Chicago Sun-Times Wire
Nicole Gayfield said her uncle Charles Irving Smith Jr. spent all day Tuesday cooking soul food, then later dropping off plates of the food at her house.
“He cooked for his whole building. He fed everybody,” Gayfield, 36, said early Wednesday near yellow crime scene tape. Her uncle’s body could be seen half a block away, slumped against a fence outside the Cosmopolitan Church of Prayer in the Woodlawn neighborhood.
Officers responding to reports of a man down about 3:30 a.m. found the 45-year-old Smith lying on the sidewalk in the 6400 block of South Maryland with gunshot wounds to the head and right side, according to Chicago Police and the Cook County medical examiner’s office. He was dead at the scene.
Gayfield identified Smith as her mother’s only brother. He was a barber who liked to cook, and was gunned down just steps from his apartment building. She said he was 47.
“When is it gonna stop? When is it gonna stop?” she wailed. “All these innocent babies—my uncle didn’t do nothing.”

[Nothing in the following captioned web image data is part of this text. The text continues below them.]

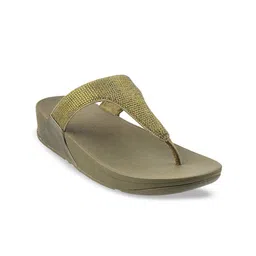 fitflop Women  Green Embellished Wedge Sandals-image-25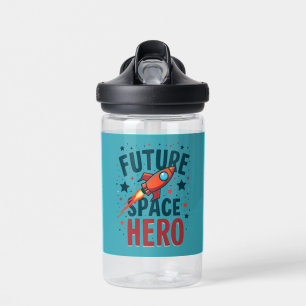 Design eines Retro-Raketenraumschiffs für den zukü Trinkflasche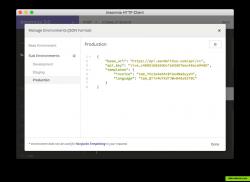 Reuse common variables like API keys using environments. Define them globally or switch between sub-environments for a seamless development/production workflow. 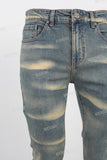 Blue vintage skinny jeans men
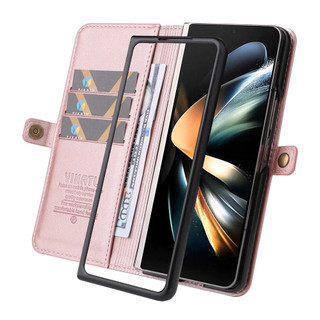 Ốp Điện Thoại Da, Dành Cho Samsung Galaxy Z Fold 3 4 5 6 7 5G, Ốp Ví, Có Khe Cắm Thẻ, Ốp Lưng Túi Điện Thoại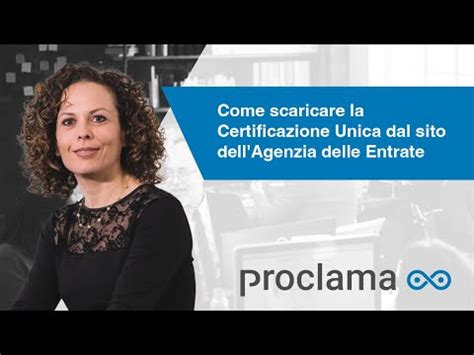 Come Scaricare La Certificazione Unica 2024 Per Il 2023 Dal Sito Dell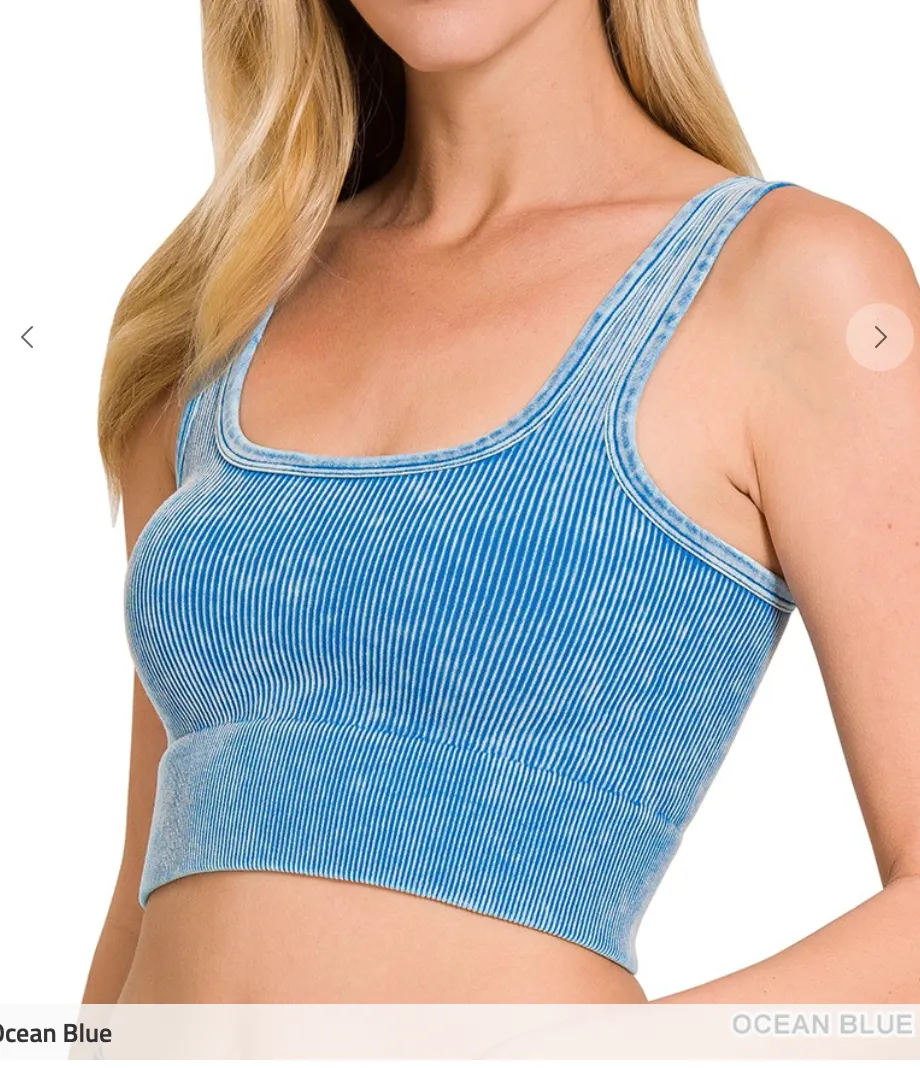 Vintage Washed Square Neck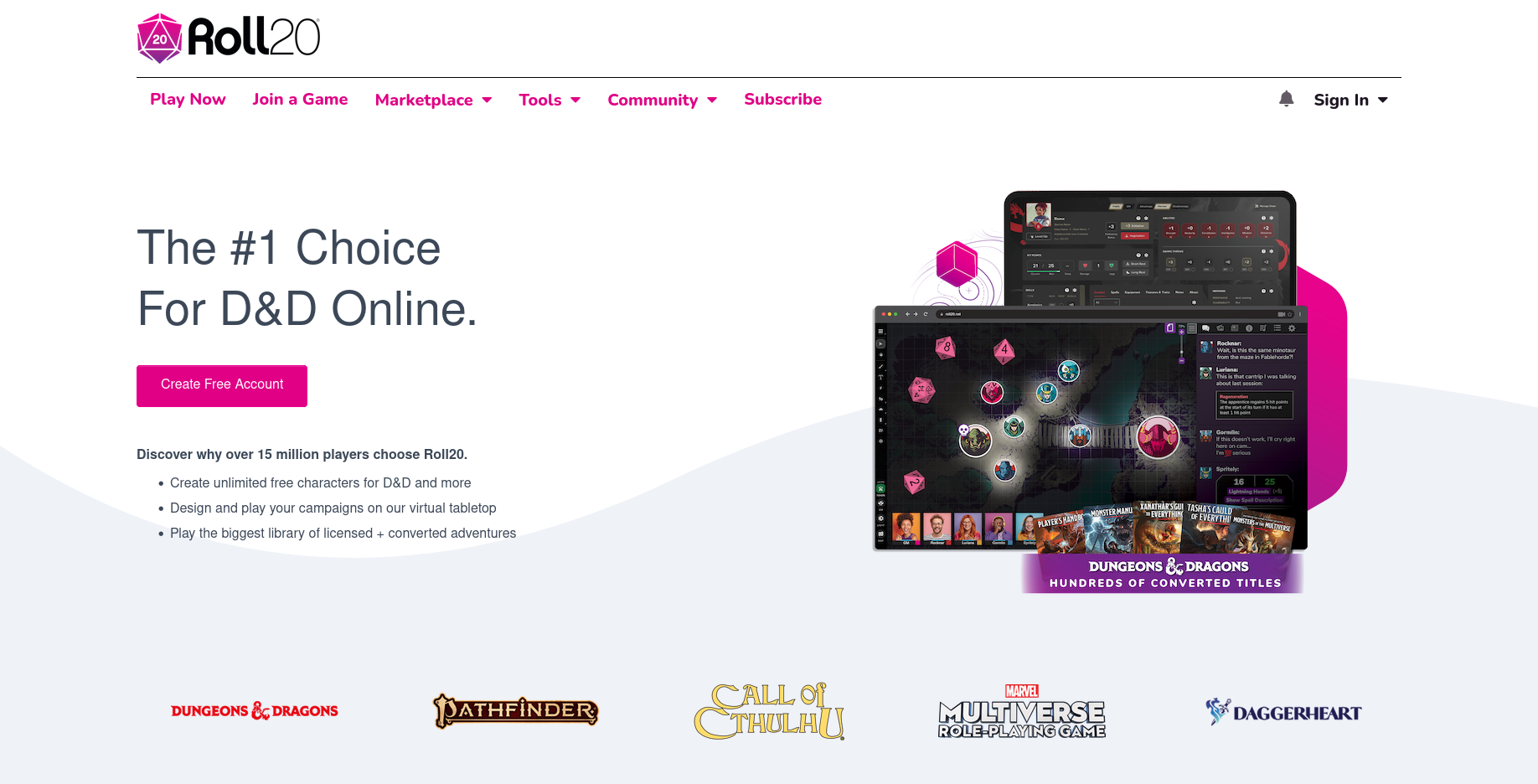Roll20 screenshot
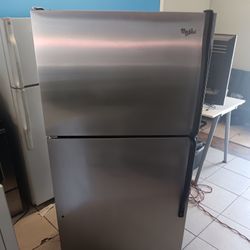 Whirlpool Refrigerator Stainless Steel Refrigerator 
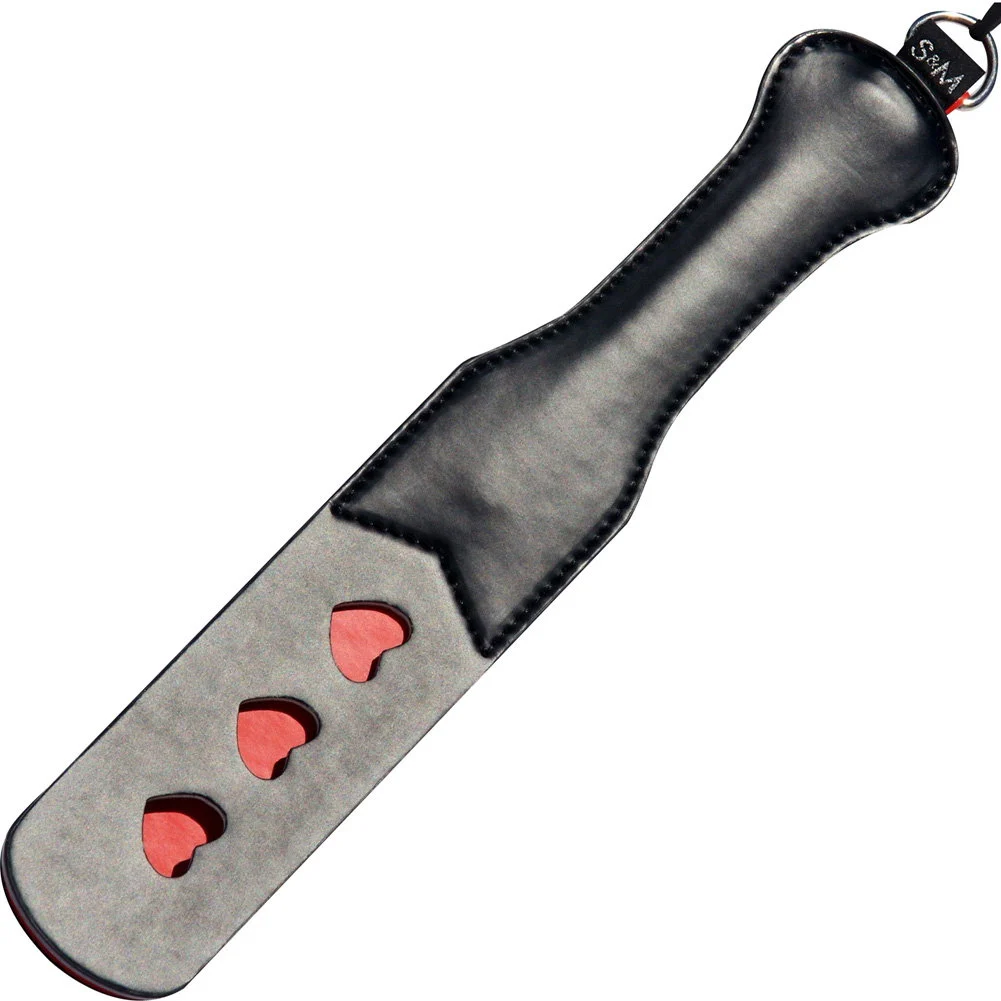 S&M Heart Paddle, 12.5", Gray/Black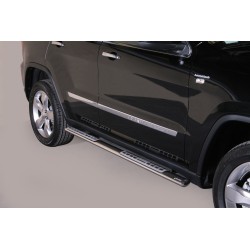 TUBES MARCHE PIEDS OVALE INOX DESIGN JEEP GRAND CHEROKEE 2011+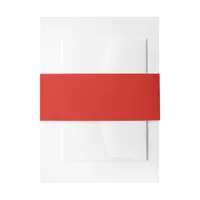 Red Invitation Belly Band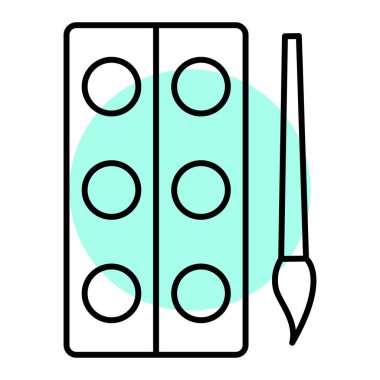 kalem simgesi vektör illüstrasyonu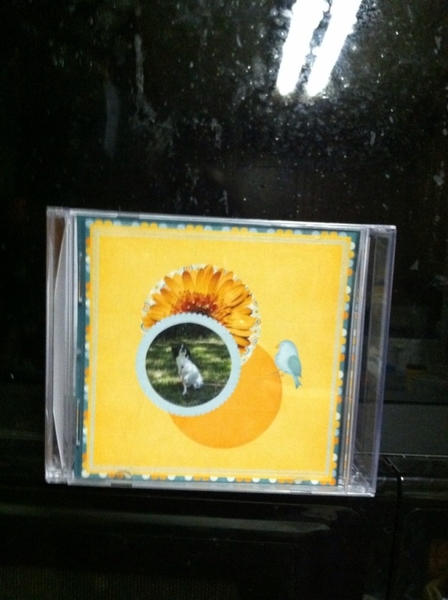 Recycled CD case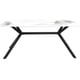 thumbnail image 4 of Mesa de Comedor de Marmol Granito Premium Houzer 162x90x74, 4 of 5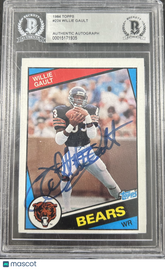 1984 Topps Willie Gault #224 Rookie BGS 0
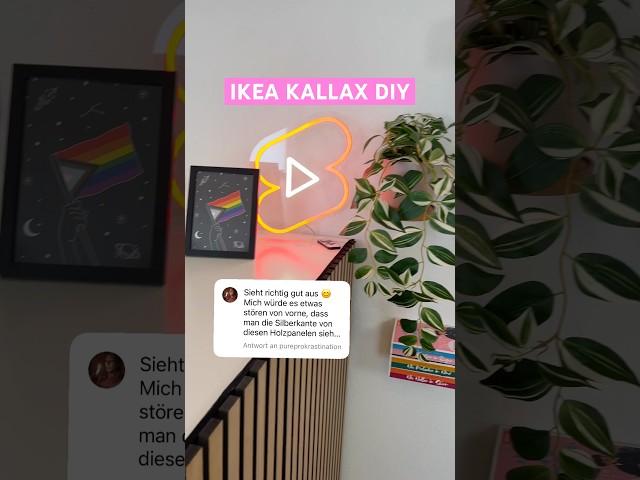 #IKEA Kallax Hack: Hochwertiges Upgrade mit Budget-Tipp für Spanplatte im Eichen-Look 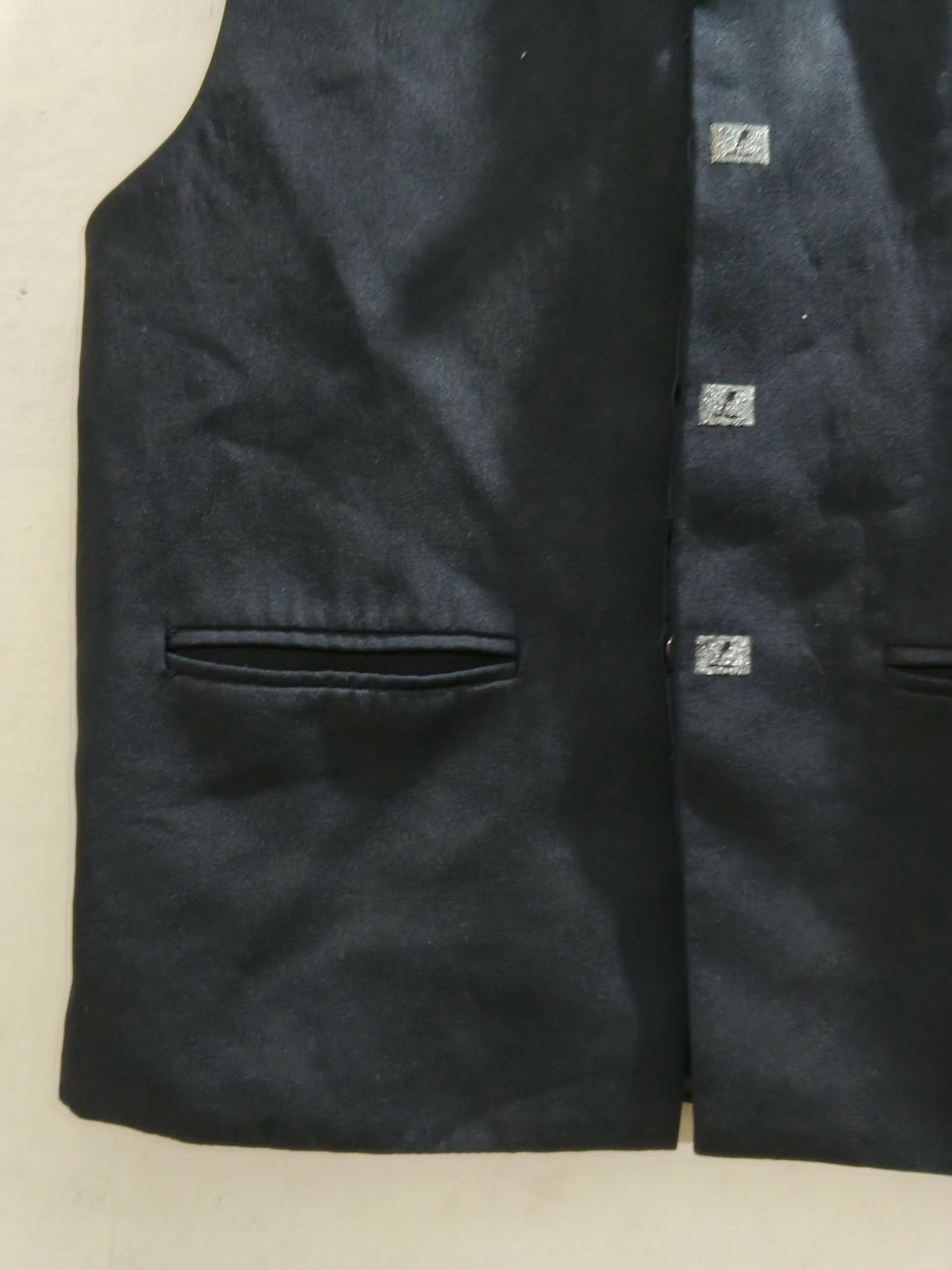 Black Waist Coat | Kids | Boys Shalwar Kameez | Size: 22 | Worn Once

Flanked by her wife and sister, Gayfield stood at the crime scene for hours Wednesday morning, waiting for the body removal service.
She had been sleeping in her home about a block away when one of Smith’s neighbors called to wake her up. The neighbor told her Smith had left the building about 2 a.m. to go to a laundromat nearby, but never came back.
“He was a great person, very caring, giving,” she said. “He had good wisdom and always smiled, even through the bad things in life.”
Gayfield, who has a 1-year-old son, said Smith taught her “everything,” adding that she even went to barber school because of him.
She said she had last spoken with him about 9 p.m. Tuesday, when Smith texted her about wanting to show her his new haircut. Gayfield told him she was going to sleep and that she’d see him tomorrow.
“This is just really messed up,” Gayfield said. “They really took a good man.”